» ABOUT THIS TASK
Print only the lines that begin at the line containing "mph018_1674766558_68855af43fc2566c683c52edce93e363x_3505504e82" and end at the last line of the material, both included, without any change.

======== DATA SHOWN

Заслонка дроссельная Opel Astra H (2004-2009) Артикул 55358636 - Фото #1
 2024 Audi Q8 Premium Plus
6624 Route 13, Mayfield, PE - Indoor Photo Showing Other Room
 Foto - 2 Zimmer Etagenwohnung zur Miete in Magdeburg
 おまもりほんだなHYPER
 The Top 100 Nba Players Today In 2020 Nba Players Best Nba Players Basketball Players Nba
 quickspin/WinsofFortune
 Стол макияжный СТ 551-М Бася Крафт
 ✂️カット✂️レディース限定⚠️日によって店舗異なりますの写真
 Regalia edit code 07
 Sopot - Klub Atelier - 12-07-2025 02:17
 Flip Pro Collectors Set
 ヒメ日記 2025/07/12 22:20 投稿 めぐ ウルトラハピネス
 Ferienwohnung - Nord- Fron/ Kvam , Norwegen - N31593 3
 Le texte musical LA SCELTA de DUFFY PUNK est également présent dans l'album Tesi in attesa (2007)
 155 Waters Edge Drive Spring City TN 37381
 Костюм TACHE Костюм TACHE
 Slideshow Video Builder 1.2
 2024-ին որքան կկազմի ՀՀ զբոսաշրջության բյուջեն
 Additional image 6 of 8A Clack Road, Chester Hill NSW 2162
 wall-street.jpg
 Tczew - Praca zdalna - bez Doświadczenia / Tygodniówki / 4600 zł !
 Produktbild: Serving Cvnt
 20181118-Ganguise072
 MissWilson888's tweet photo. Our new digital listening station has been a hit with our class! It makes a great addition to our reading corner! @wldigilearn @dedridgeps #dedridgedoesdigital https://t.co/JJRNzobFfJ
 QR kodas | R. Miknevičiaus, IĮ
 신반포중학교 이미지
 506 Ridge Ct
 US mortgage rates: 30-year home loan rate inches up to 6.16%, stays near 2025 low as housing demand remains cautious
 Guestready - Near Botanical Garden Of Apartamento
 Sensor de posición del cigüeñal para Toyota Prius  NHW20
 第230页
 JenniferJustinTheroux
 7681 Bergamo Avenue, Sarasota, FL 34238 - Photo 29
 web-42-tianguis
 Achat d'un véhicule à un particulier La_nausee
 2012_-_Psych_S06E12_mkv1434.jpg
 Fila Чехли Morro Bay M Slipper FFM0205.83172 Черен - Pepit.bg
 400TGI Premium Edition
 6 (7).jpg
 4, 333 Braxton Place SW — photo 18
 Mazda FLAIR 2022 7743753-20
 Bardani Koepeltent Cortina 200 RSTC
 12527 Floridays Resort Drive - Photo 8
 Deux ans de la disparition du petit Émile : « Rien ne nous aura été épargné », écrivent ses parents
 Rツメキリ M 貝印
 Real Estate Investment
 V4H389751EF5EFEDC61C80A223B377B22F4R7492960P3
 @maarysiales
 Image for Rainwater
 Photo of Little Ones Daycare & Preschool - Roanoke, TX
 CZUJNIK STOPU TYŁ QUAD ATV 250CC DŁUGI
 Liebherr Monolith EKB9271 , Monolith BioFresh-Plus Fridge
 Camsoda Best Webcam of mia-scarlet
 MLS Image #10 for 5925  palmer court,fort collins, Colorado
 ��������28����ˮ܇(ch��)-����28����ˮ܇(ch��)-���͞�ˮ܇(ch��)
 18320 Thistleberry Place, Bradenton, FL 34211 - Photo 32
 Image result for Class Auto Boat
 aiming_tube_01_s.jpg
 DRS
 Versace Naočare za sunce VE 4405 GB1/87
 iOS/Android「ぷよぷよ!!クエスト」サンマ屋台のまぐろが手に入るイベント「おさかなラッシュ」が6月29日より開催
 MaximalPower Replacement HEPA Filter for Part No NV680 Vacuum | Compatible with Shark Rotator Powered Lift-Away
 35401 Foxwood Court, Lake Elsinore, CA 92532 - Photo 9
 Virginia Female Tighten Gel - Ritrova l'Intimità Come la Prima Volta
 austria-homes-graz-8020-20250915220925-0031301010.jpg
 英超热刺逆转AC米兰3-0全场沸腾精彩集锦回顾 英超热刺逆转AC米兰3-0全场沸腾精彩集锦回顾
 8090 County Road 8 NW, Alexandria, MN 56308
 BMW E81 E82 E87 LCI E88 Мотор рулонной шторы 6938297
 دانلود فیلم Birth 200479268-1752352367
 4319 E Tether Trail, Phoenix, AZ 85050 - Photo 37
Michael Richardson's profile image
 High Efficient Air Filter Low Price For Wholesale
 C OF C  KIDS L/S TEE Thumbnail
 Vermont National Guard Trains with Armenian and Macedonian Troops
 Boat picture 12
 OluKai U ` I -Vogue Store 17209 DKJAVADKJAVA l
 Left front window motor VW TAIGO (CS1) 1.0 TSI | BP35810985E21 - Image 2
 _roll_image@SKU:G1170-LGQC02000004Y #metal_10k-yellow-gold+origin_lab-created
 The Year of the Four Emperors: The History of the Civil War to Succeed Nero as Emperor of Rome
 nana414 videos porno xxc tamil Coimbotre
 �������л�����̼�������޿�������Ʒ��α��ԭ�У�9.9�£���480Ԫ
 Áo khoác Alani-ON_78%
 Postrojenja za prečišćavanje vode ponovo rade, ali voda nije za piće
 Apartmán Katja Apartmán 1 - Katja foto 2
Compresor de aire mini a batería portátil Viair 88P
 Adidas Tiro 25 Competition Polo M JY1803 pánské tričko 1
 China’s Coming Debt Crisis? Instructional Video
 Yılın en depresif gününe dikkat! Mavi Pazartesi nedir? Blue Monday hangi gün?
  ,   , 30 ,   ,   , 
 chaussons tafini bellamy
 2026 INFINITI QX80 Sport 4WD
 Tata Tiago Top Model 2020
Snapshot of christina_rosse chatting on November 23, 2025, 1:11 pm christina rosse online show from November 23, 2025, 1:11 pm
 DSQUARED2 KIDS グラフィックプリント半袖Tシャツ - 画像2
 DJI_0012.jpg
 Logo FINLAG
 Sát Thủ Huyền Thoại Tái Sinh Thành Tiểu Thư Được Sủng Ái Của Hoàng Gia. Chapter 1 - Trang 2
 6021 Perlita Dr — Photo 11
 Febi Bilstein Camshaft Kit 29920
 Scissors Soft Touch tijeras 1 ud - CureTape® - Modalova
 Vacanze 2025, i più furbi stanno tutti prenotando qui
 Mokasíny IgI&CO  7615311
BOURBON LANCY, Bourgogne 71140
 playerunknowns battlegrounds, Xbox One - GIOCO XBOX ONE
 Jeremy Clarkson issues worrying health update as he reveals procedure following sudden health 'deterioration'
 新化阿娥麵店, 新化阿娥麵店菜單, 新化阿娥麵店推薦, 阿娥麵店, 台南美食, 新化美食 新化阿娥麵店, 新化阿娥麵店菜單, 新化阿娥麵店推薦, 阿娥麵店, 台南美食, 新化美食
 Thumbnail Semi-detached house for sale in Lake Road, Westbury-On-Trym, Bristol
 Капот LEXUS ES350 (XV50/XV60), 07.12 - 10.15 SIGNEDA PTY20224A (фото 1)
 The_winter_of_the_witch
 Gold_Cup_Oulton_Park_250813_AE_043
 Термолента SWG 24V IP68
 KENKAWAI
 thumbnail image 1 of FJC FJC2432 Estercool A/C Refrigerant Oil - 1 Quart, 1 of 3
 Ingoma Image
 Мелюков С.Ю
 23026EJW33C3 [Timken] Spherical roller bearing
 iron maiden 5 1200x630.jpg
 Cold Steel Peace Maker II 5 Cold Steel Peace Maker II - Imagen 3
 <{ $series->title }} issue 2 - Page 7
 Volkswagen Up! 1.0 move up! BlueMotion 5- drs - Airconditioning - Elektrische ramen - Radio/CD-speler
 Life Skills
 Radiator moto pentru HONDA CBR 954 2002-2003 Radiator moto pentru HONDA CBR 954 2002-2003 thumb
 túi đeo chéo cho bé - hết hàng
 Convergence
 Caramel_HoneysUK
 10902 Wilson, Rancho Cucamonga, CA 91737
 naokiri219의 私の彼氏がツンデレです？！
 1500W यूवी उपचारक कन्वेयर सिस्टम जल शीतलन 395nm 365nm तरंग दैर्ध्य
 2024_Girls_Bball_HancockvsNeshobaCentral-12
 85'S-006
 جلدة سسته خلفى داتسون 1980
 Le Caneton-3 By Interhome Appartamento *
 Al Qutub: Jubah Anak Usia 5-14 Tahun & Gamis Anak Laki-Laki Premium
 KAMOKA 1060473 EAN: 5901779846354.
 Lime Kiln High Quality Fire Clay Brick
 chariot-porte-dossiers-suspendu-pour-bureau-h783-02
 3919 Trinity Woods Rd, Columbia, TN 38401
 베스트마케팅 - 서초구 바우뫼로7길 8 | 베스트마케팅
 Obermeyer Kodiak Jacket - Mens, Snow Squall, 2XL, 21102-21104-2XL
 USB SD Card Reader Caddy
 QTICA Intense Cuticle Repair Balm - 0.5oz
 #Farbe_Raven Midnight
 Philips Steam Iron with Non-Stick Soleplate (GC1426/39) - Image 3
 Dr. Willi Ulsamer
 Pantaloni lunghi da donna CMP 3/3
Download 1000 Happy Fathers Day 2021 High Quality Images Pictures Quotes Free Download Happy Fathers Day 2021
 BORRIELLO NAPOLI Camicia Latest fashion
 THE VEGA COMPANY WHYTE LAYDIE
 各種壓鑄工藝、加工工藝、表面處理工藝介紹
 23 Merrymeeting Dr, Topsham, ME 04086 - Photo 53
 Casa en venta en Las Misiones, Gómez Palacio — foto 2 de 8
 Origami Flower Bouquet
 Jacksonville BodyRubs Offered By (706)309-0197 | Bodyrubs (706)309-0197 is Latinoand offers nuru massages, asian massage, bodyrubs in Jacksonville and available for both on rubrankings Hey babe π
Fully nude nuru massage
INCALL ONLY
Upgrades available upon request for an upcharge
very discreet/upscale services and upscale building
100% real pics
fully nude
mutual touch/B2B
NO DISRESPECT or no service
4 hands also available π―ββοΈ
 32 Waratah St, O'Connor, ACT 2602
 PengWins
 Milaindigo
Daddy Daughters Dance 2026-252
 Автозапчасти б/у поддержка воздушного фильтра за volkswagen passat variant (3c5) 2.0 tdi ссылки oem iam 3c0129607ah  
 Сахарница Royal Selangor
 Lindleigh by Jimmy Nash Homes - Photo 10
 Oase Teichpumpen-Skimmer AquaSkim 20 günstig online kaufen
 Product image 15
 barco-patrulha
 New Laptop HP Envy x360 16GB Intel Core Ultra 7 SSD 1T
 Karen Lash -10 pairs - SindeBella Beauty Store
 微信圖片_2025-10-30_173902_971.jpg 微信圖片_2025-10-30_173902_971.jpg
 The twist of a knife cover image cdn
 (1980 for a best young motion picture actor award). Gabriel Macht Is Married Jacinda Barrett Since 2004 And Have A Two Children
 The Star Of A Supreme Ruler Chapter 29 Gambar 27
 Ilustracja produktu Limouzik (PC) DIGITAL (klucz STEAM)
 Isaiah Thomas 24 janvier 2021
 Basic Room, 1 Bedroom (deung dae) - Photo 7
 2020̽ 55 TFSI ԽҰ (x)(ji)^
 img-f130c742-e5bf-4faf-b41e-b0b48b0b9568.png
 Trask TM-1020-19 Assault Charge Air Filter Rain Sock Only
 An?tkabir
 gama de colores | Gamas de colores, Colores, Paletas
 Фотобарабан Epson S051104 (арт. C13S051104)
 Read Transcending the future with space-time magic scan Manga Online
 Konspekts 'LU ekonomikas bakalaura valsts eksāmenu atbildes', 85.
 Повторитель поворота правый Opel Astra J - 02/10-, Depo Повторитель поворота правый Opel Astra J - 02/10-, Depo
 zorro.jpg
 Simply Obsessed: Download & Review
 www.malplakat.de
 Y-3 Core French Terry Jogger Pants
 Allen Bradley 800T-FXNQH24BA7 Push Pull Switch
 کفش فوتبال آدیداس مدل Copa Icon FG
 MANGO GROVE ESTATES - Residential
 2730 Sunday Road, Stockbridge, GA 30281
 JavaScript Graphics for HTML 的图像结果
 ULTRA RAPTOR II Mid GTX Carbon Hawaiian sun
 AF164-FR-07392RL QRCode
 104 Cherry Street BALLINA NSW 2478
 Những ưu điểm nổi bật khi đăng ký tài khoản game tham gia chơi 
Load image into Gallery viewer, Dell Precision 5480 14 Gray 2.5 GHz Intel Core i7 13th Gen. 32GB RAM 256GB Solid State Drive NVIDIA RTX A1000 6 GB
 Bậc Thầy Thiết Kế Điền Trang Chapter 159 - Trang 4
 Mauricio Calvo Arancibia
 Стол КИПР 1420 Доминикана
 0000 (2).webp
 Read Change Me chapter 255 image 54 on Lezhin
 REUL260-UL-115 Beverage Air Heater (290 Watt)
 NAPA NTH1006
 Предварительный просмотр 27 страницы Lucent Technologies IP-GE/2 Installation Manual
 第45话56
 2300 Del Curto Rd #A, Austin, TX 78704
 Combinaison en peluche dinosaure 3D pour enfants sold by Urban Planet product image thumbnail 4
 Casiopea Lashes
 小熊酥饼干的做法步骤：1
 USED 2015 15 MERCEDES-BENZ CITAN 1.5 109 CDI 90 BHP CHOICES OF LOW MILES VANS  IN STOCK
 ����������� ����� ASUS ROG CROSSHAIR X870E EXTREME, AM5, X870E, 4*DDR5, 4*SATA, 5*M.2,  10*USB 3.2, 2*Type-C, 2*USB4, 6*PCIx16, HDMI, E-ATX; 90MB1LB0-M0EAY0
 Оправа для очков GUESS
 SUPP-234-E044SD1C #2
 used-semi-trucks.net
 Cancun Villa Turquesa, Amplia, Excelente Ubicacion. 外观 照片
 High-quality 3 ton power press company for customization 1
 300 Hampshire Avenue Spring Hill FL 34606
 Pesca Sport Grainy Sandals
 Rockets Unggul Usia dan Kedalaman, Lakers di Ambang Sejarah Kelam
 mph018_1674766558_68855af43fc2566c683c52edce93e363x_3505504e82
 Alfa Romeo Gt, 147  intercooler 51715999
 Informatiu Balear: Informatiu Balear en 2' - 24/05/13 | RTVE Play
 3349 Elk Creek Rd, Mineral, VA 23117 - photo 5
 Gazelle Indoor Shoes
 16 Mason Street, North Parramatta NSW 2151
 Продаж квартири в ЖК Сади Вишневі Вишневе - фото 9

================

» RESPONSE BELOW
 mph018_1674766558_68855af43fc2566c683c52edce93e363x_3505504e82
 Alfa Romeo Gt, 147  intercooler 51715999
 Informatiu Balear: Informatiu Balear en 2' - 24/05/13 | RTVE Play
 3349 Elk Creek Rd, Mineral, VA 23117 - photo 5
 Gazelle Indoor Shoes
 16 Mason Street, North Parramatta NSW 2151
 Продаж квартири в ЖК Сади Вишневі Вишневе - фото 9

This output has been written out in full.